[Task statement] Copy each entry precisely as written, and do not carry over the pictures.

[Short text fragments from websites]
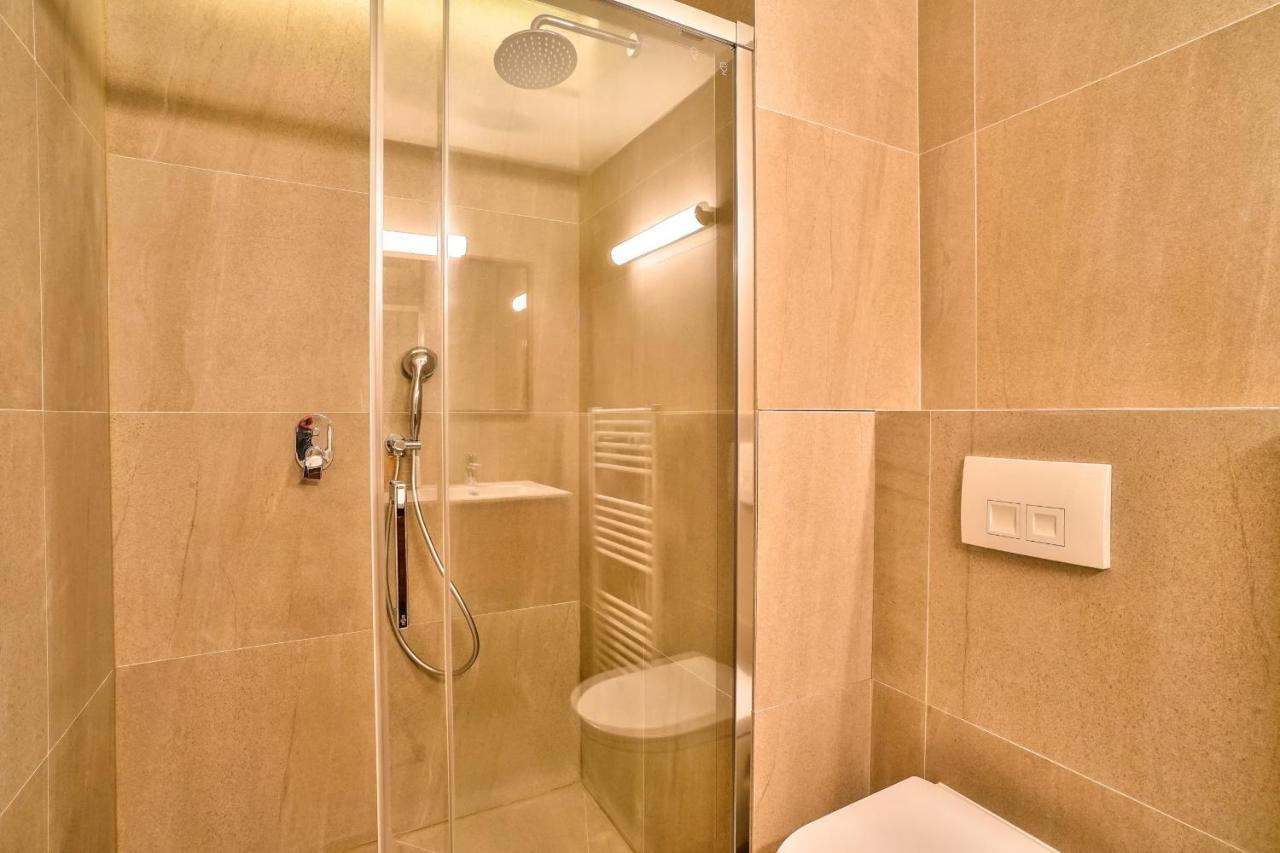 130 - Urban Brand New 110M2 Flat In Montorgueil Apartment Paris Bagian luar foto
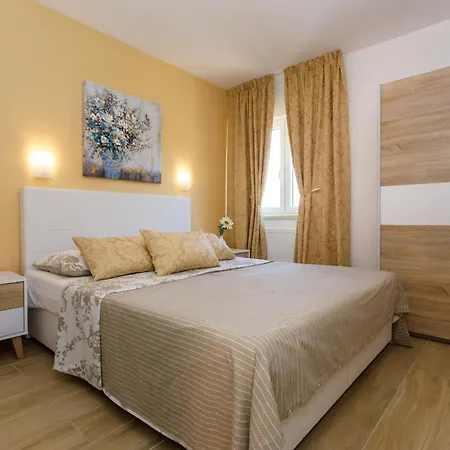 Vila Ivetta For 10 People Near With Sea View & Children Playground Opatija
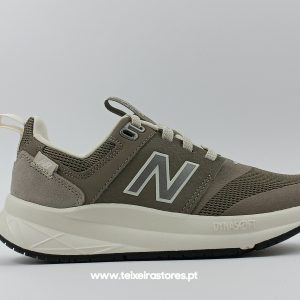 Sapatilha New Balance-UA900DC2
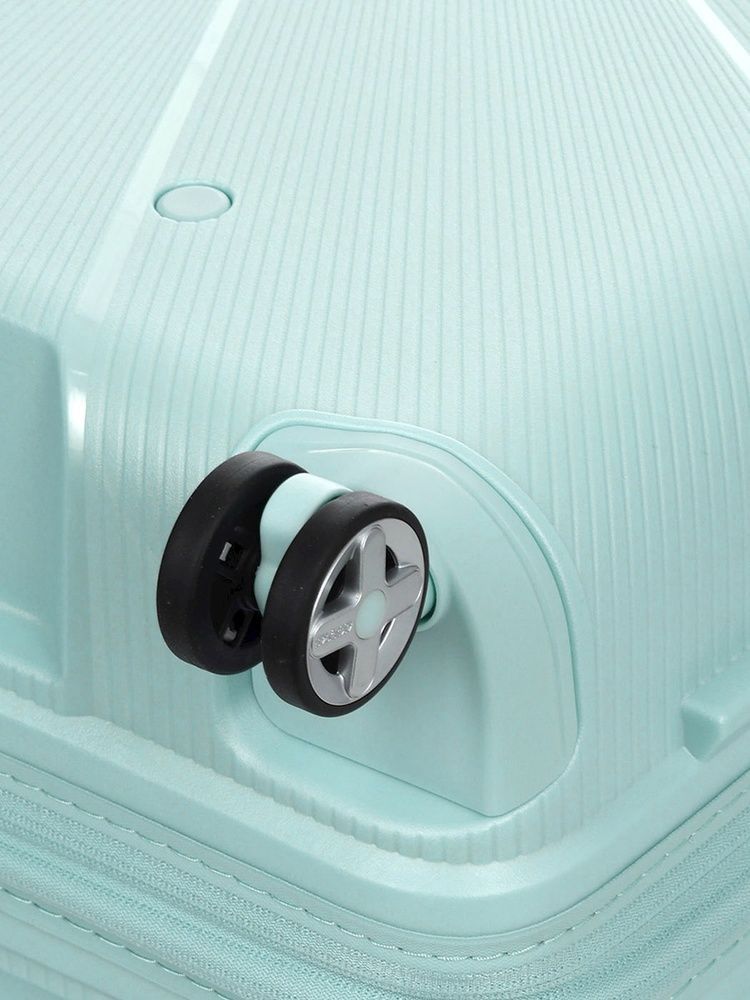 Чемодан American Tourister Starvibe из полипропилена на 4-х колесах MD5*004 Metallic Surf Blue (большой)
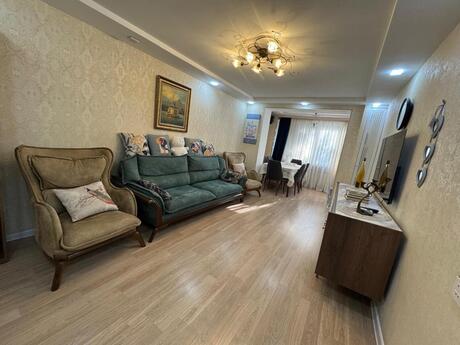 Elan №6538261 - Bakı, İnşaatçılar m., 3 otaqlı, 75 m², 2/5 mərtəbə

[Solution to the exercise]
 130 - Urban Brand New 110M2 Flat In Montorgueil Apartment Paris Bagian luar foto
 Vila Ivetta For 10 People Near With Sea View & Children Playground Opatija
 Sapatilha New Balance-UA900DC2
 Чемодан American Tourister Starvibe из полипропилена на 4-х колесах MD5*004 Metallic Surf Blue (большой)
 Elan №6538261 - Bakı, İnşaatçılar m., 3 otaqlı, 75 m², 2/5 mərtəbə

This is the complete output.